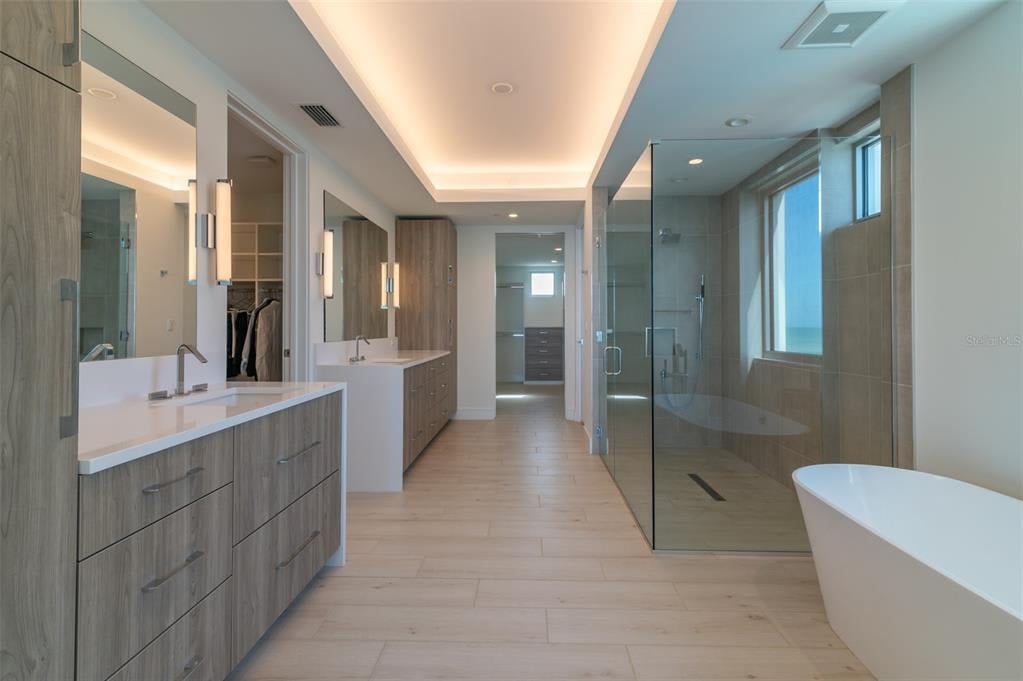 4750 Ocean Blvd, #202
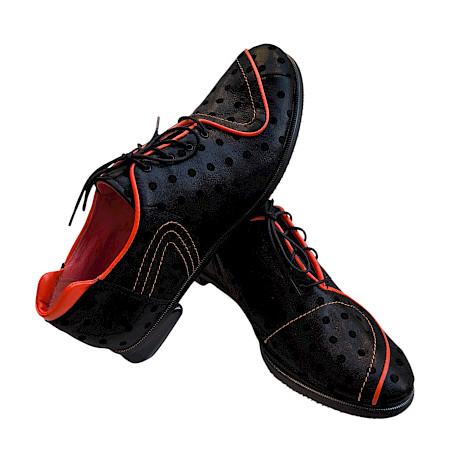 Eleganter Simen Damen Schnürschuh 2927A aus Vollleder in Schwarz mit orangen Akzenten, feinem Punktmuster und klassischer Schnürung – ein moderner und stilvoller Halbschuh, hergestellt in Polen.... Eleganter Simen Damen Schnürschuh 2927A aus Vollleder in Schwarz mit orangen Akzenten, feinem Punktmuster und klassischer Schnürung – ein moderner und stilvoller Halbschuh, hergestellt in Polen....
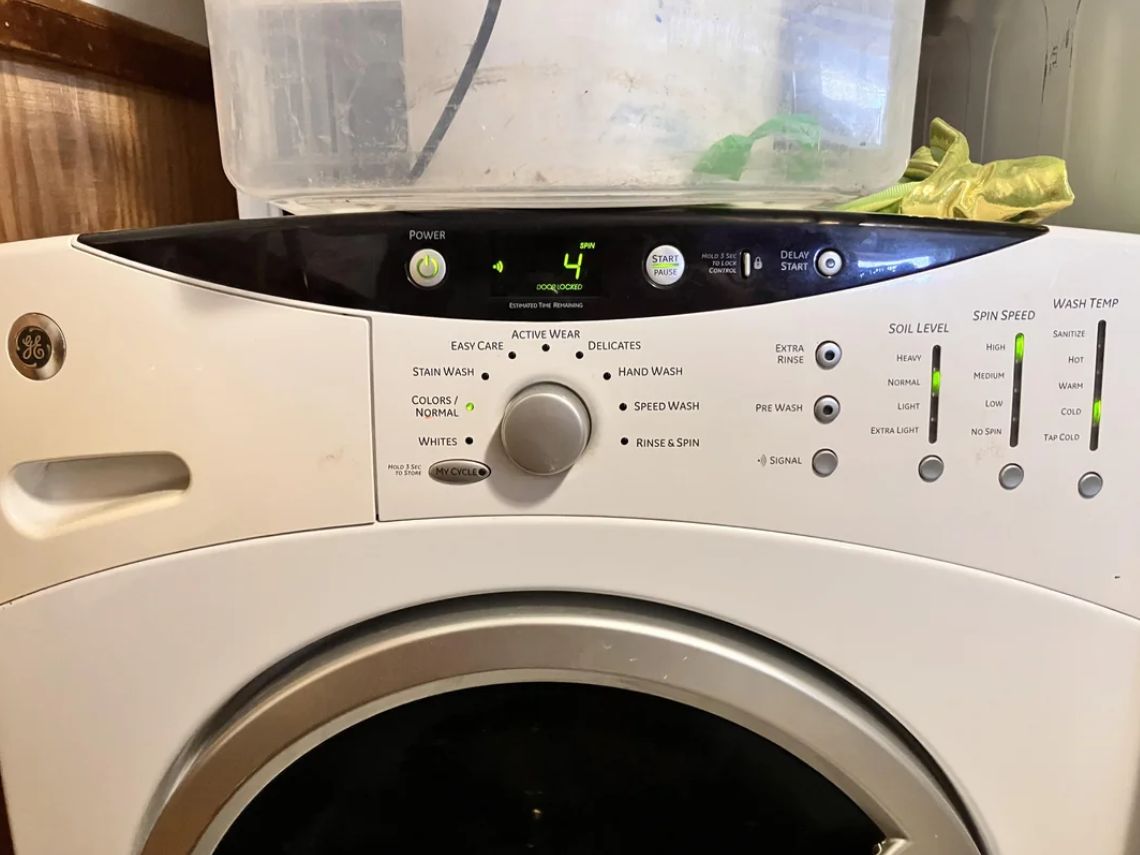 Ο λόγος που δεν πρέπει να κάνετε μπάνιο όσο λειτουργεί το πλυντήριο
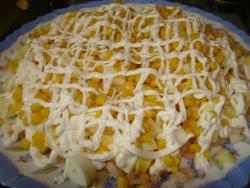 Салат с кальмарами, кукурузой, яйцами и креветками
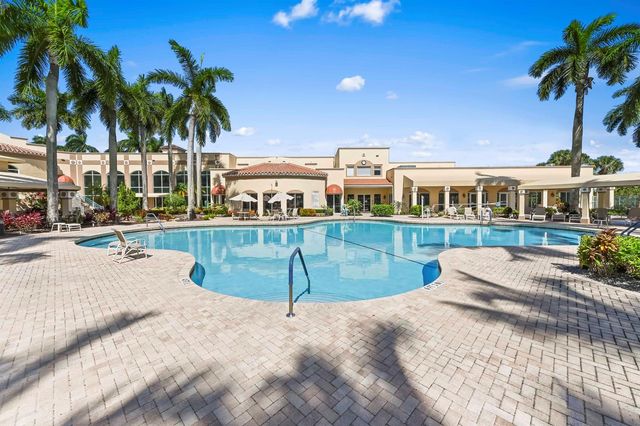 5952 Regal Glen Drive 207, Boynton Beach, FL 33437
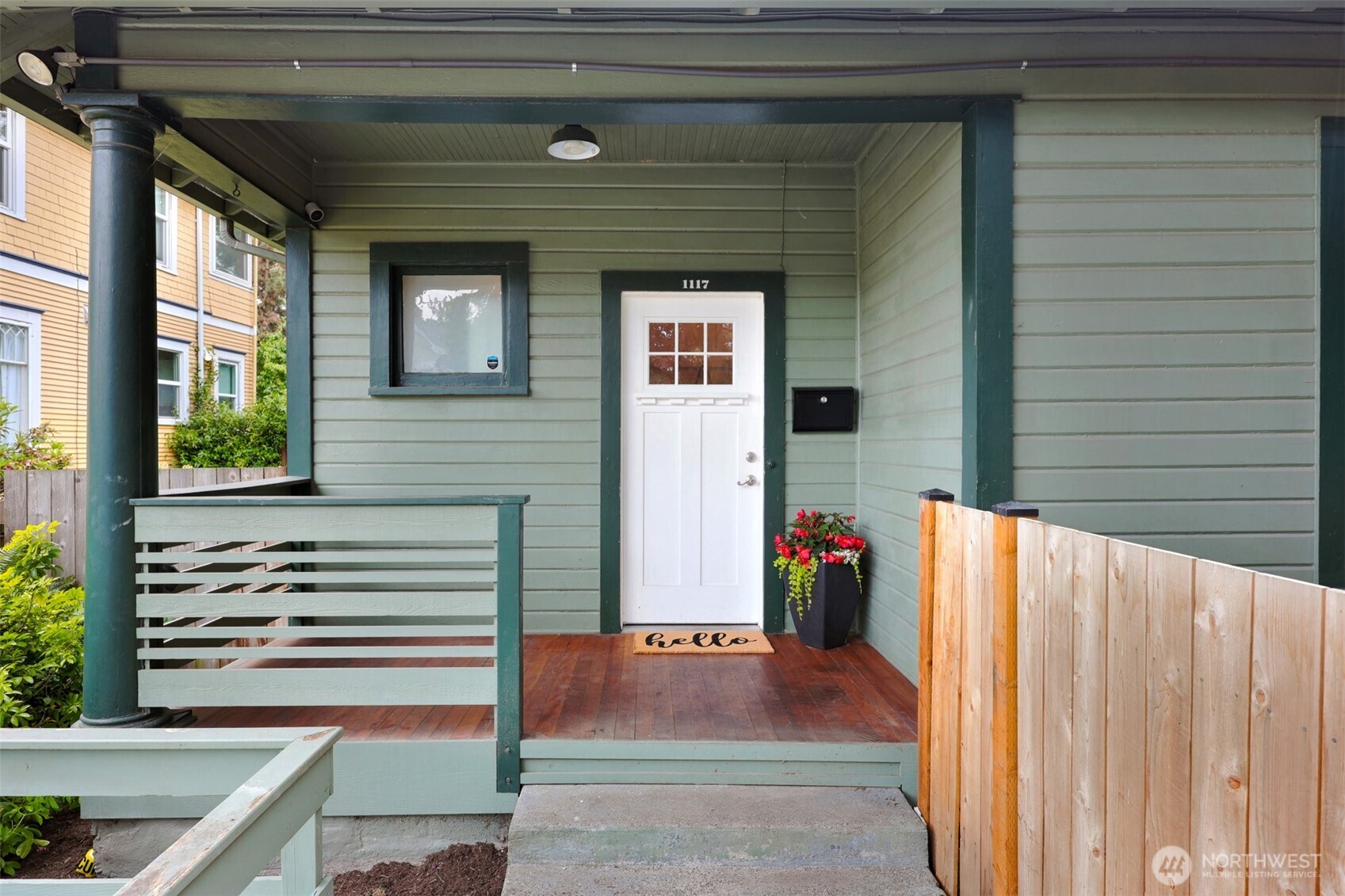 1117 North 84th Street Seattle, WA 98103 - Photo 2 of 28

**WHAT TO WORK ON**
The reply should hold an exact repeat of the entries from their opening line through the line with "5952 Regal Glen", and no pictures at all.

**REPLY TO THE TASK**
 4750 Ocean Blvd, #202
 Eleganter Simen Damen Schnürschuh 2927A aus Vollleder in Schwarz mit orangen Akzenten, feinem Punktmuster und klassischer Schnürung – ein moderner und stilvoller Halbschuh, hergestellt in Polen.... Eleganter Simen Damen Schnürschuh 2927A aus Vollleder in Schwarz mit orangen Akzenten, feinem Punktmuster und klassischer Schnürung – ein moderner und stilvoller Halbschuh, hergestellt in Polen....
 Ο λόγος που δεν πρέπει να κάνετε μπάνιο όσο λειτουργεί το πλυντήριο
 Салат с кальмарами, кукурузой, яйцами и креветками
 5952 Regal Glen Drive 207, Boynton Beach, FL 33437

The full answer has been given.